Exact copy, no pictures: return only the lines below from the line with "Photo 18 of" up to and including the line with "5th image of 810 W Craig Pl Unit 102".

[Material shown]
-*-*-
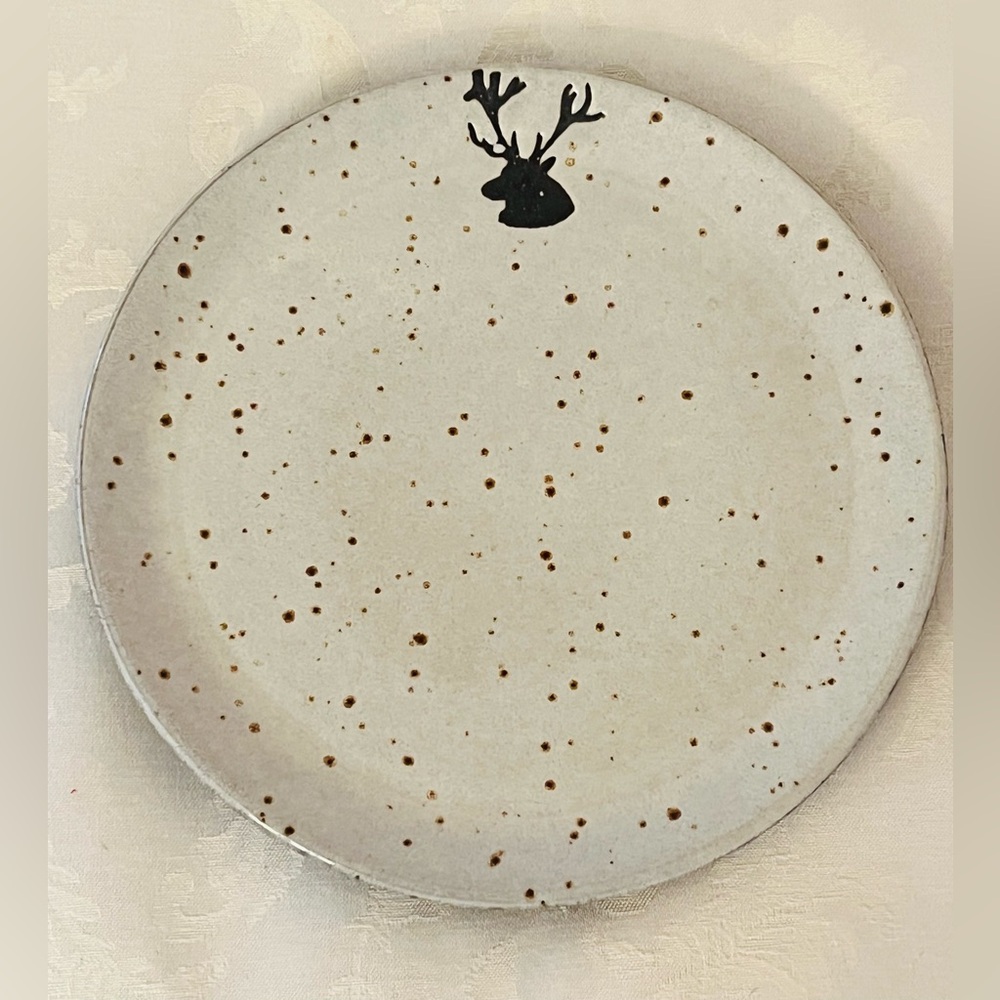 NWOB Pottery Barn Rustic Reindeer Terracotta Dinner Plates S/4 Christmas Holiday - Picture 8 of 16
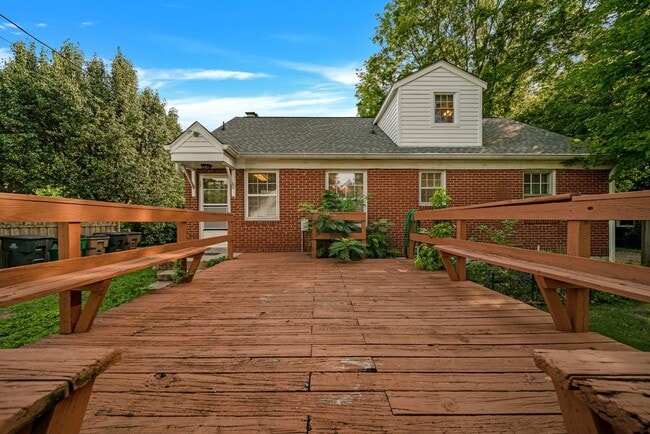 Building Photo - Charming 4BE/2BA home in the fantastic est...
-*-*-
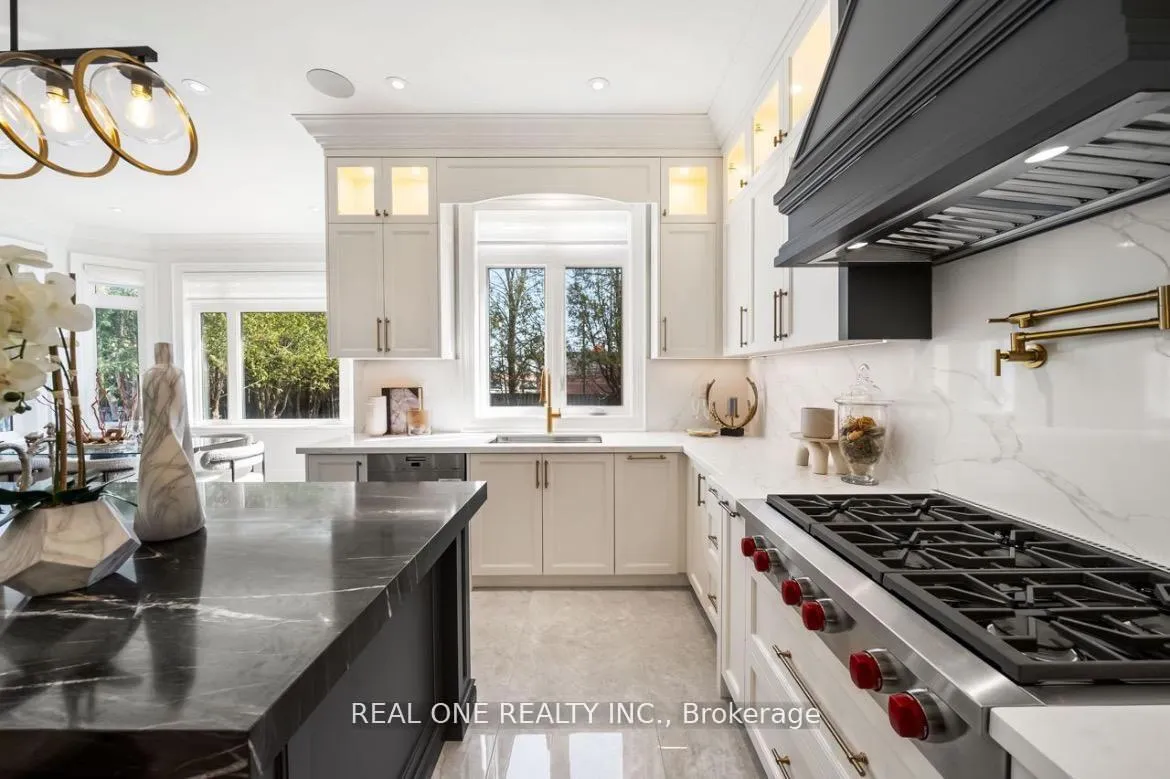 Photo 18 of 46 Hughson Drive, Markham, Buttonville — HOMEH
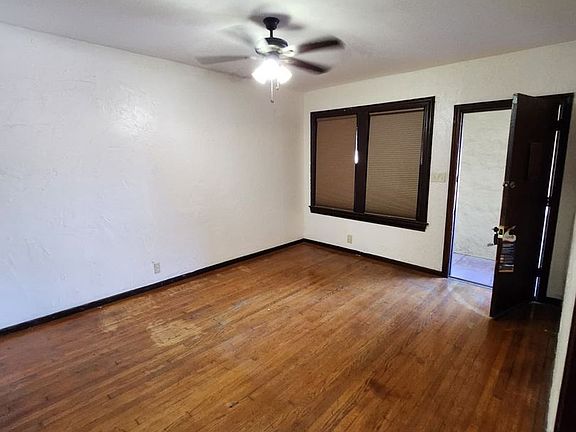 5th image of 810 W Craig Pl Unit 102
-*-*-
[Answer box]
 Photo 18 of 46 Hughson Drive, Markham, Buttonville — HOMEH
 5th image of 810 W Craig Pl Unit 102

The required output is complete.